**GIVEN RECORDS:**
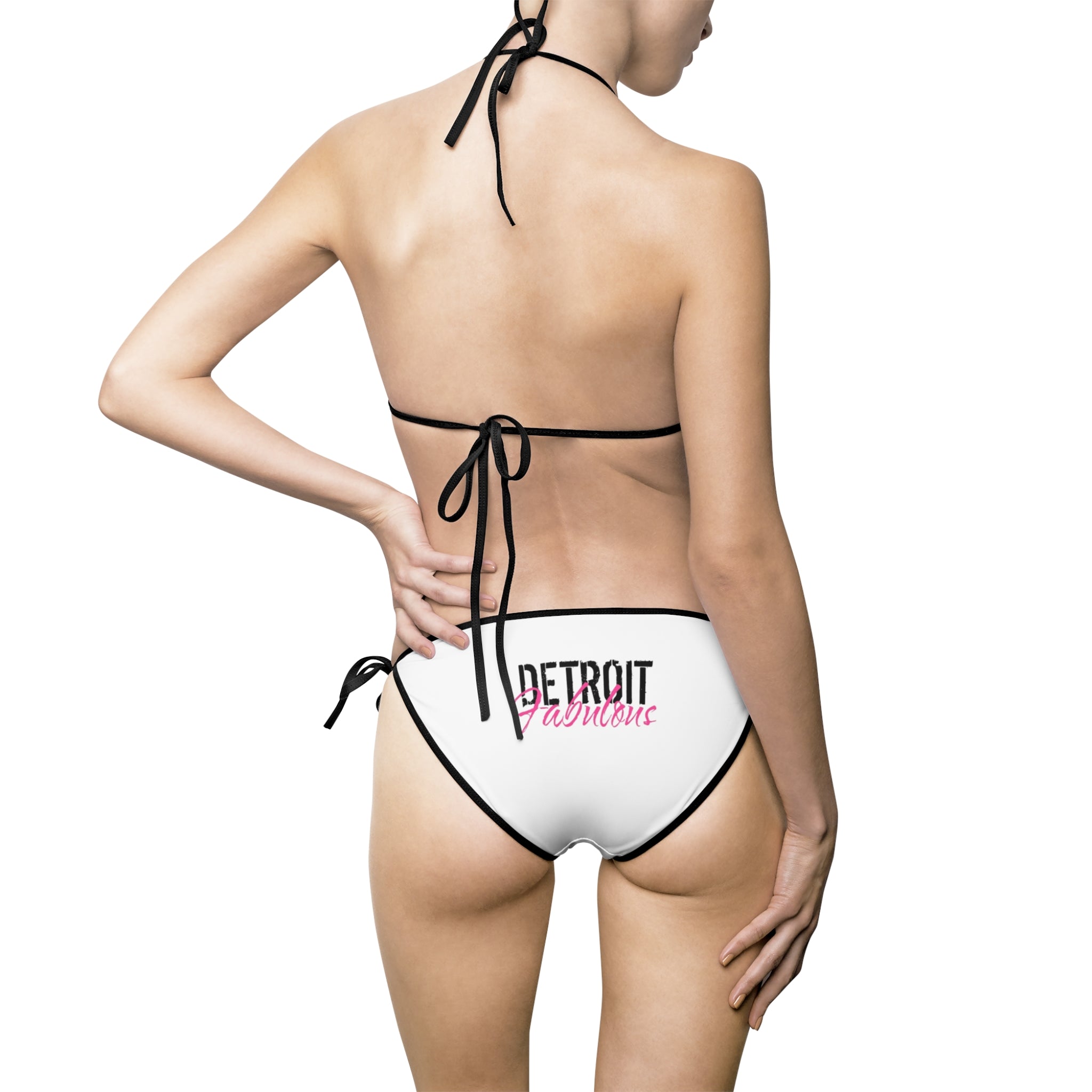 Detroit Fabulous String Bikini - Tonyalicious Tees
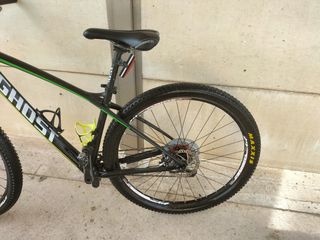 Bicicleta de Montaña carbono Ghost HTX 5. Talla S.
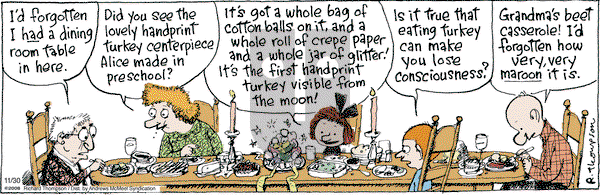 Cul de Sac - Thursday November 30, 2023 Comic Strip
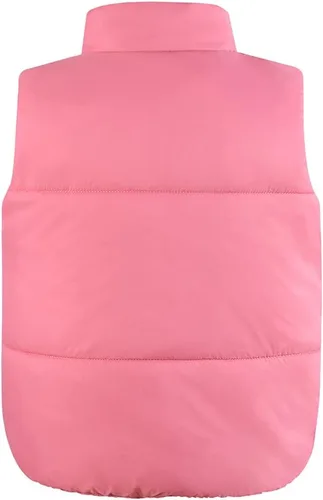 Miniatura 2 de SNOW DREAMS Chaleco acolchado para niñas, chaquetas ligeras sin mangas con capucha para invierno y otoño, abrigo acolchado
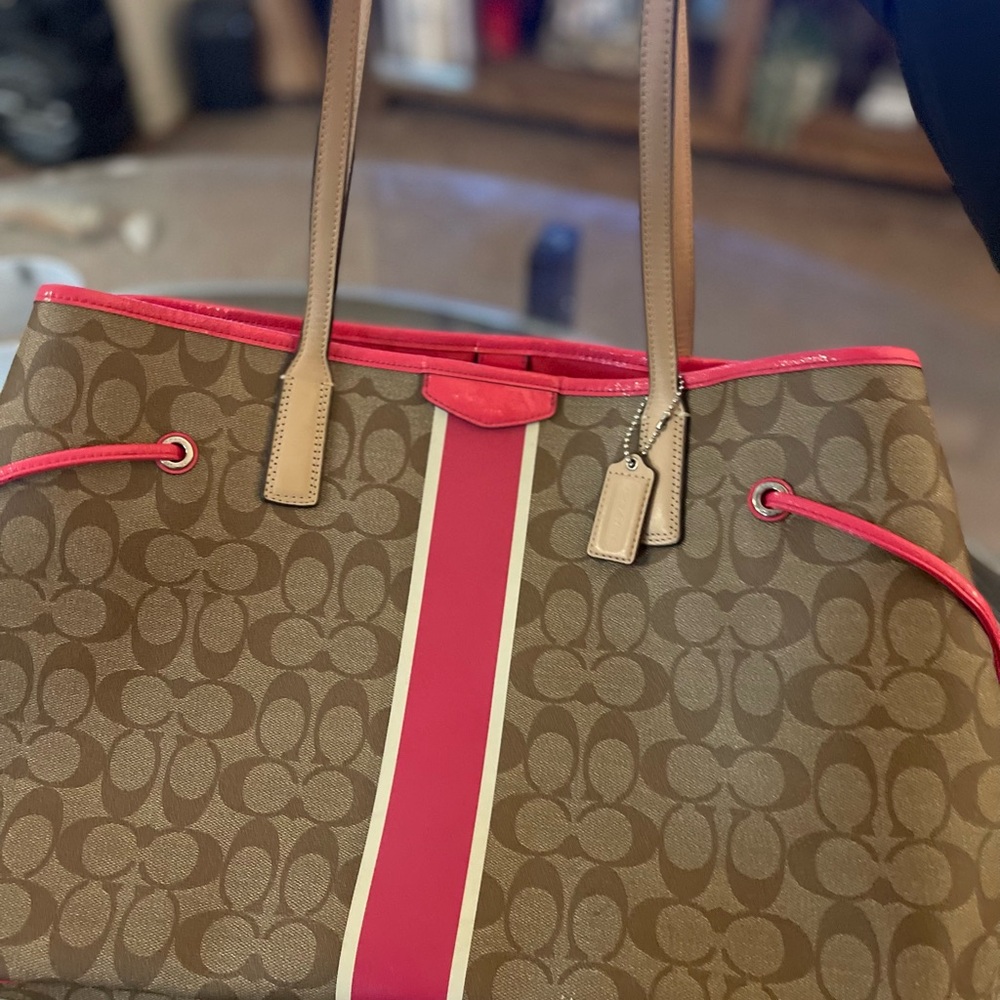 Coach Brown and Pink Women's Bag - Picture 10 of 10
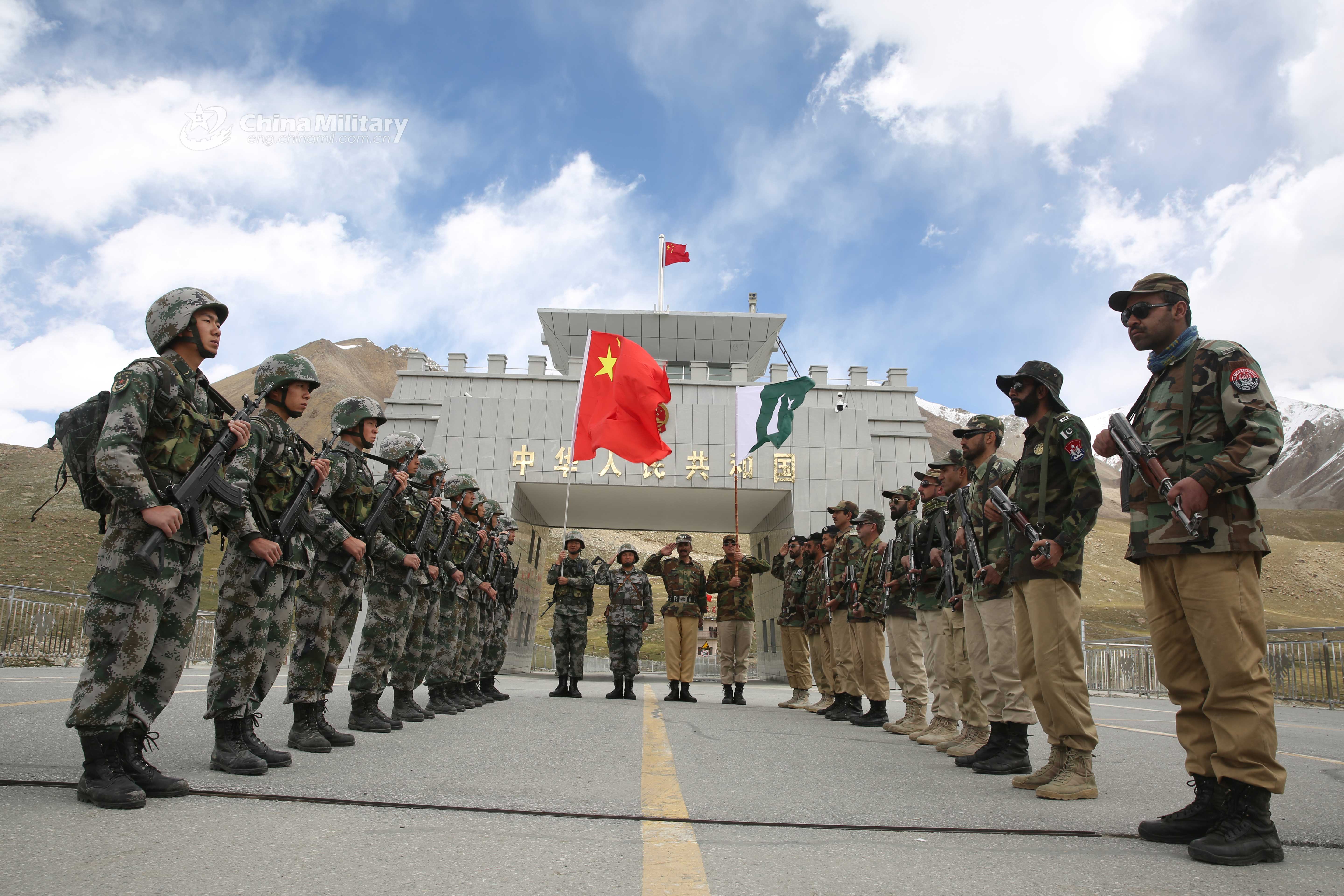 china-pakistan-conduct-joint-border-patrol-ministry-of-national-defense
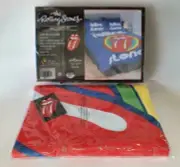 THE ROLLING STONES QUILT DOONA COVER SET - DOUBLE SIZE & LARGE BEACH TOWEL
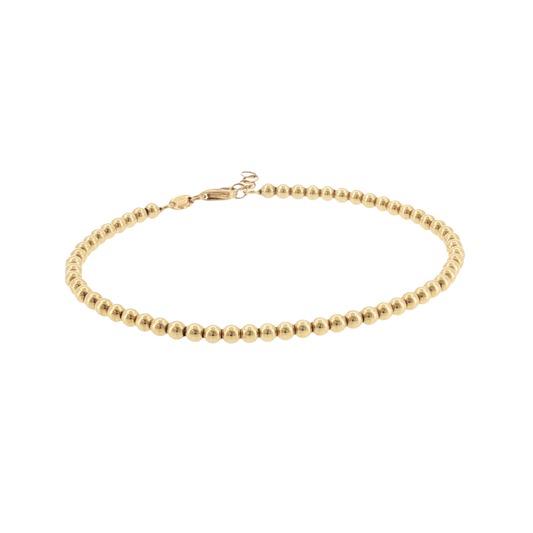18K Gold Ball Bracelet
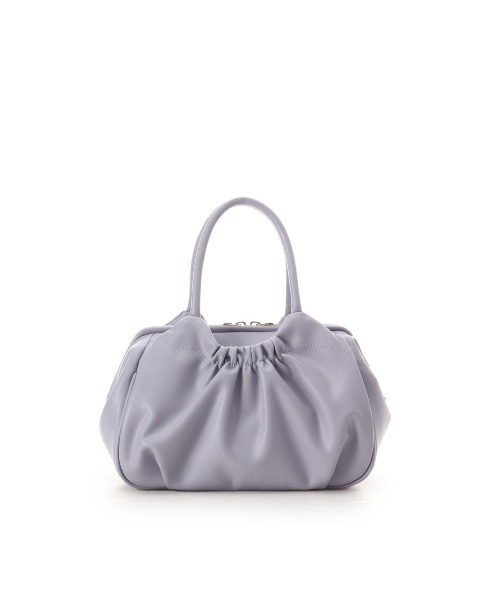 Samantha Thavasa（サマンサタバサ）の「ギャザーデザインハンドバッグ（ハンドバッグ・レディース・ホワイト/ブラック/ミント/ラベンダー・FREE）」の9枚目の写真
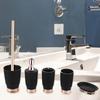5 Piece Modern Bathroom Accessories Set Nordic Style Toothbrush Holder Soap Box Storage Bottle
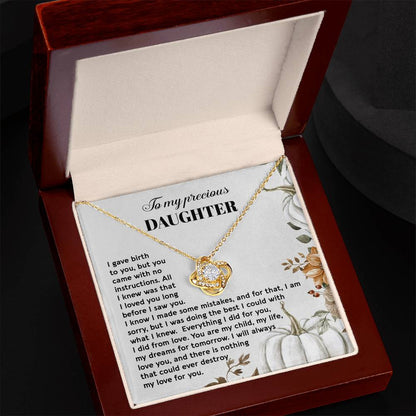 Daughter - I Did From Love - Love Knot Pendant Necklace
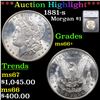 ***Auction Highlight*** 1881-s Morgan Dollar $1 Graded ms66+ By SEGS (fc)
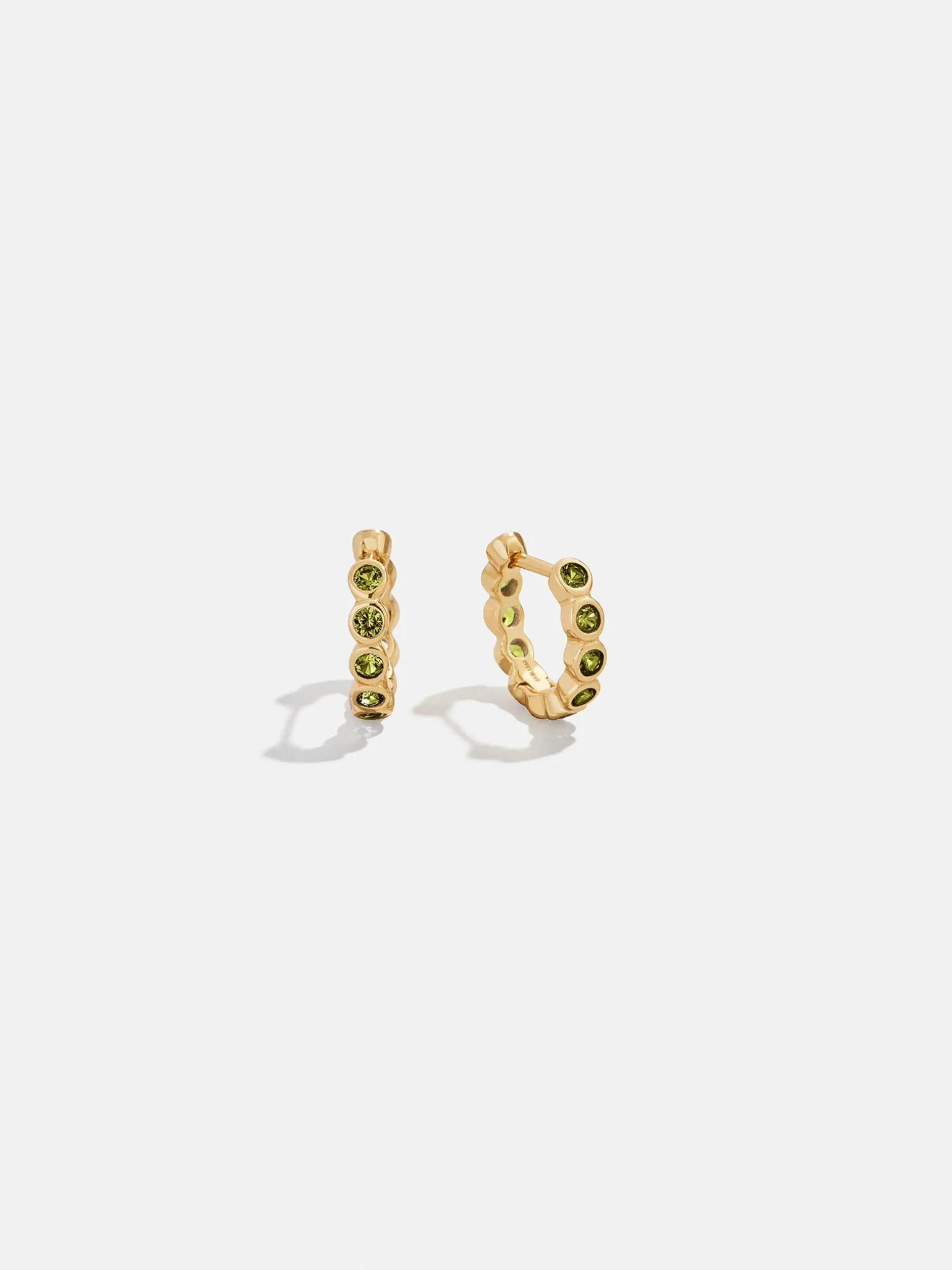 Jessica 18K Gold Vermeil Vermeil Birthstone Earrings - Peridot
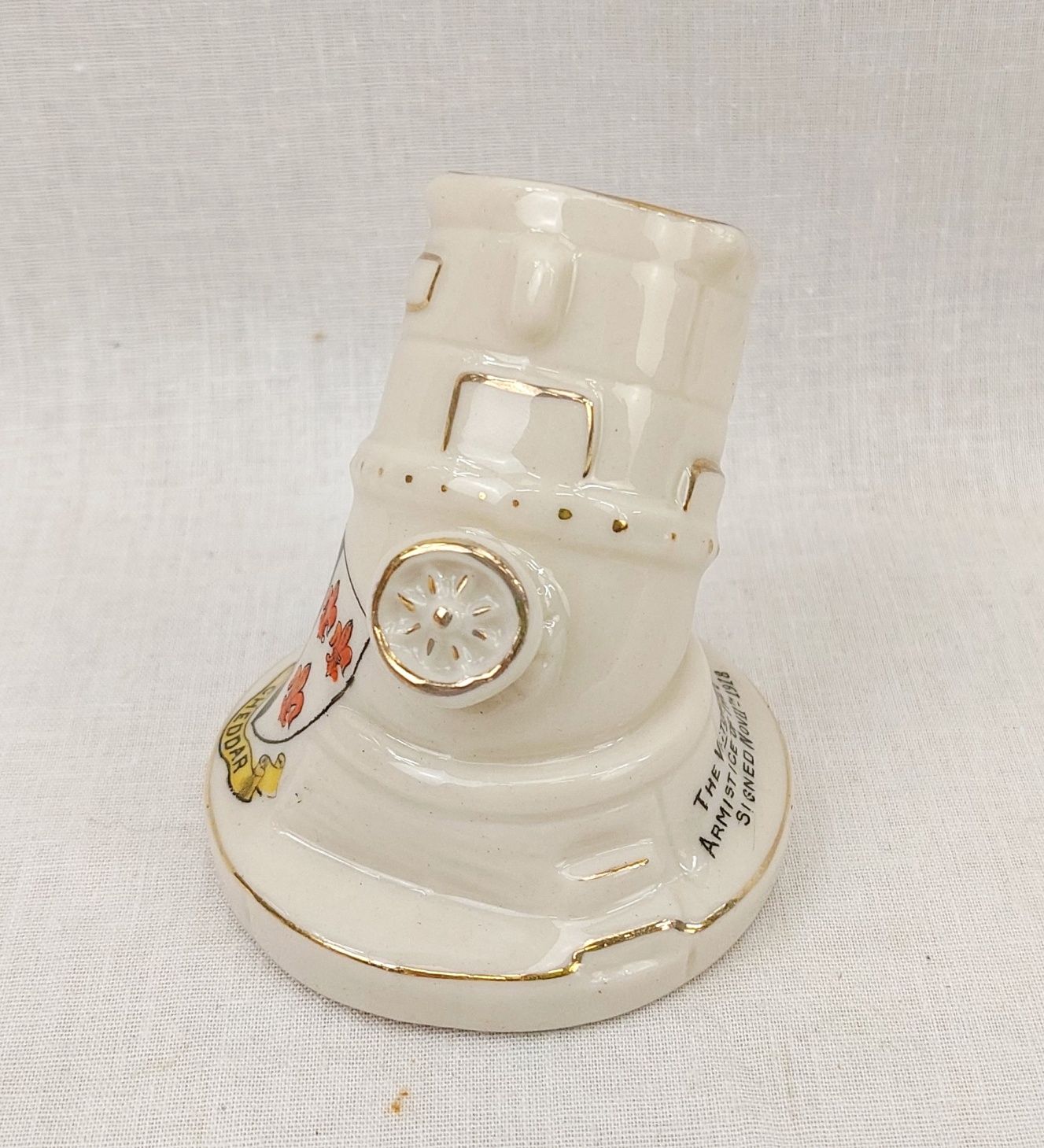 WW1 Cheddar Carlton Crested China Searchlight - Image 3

**WORK INSTRUCTION:**
The result should be the material above, unchanged and free of pictures; please print it.

**RESPONSE:**
 Detroit Fabulous String Bikini - Tonyalicious Tees
 Bicicleta de Montaña carbono Ghost HTX 5. Talla S.
 Cul de Sac - Thursday November 30, 2023 Comic Strip
 Miniatura 2 de SNOW DREAMS Chaleco acolchado para niñas, chaquetas ligeras sin mangas con capucha para invierno y otoño, abrigo acolchado
 Coach Brown and Pink Women's Bag - Picture 10 of 10
 china-pakistan-conduct-joint-border-patrol-ministry-of-national-defense
 THE ROLLING STONES QUILT DOONA COVER SET - DOUBLE SIZE & LARGE BEACH TOWEL
18K Gold Ball Bracelet
 Samantha Thavasa（サマンサタバサ）の「ギャザーデザインハンドバッグ（ハンドバッグ・レディース・ホワイト/ブラック/ミント/ラベンダー・FREE）」の9枚目の写真
5 Piece Modern Bathroom Accessories Set Nordic Style Toothbrush Holder Soap Box Storage Bottle
 Daughter - I Did From Love - Love Knot Pendant Necklace
 ***Auction Highlight*** 1881-s Morgan Dollar $1 Graded ms66+ By SEGS (fc)
 Jessica 18K Gold Vermeil Vermeil Birthstone Earrings - Peridot
 WW1 Cheddar Carlton Crested China Searchlight - Image 3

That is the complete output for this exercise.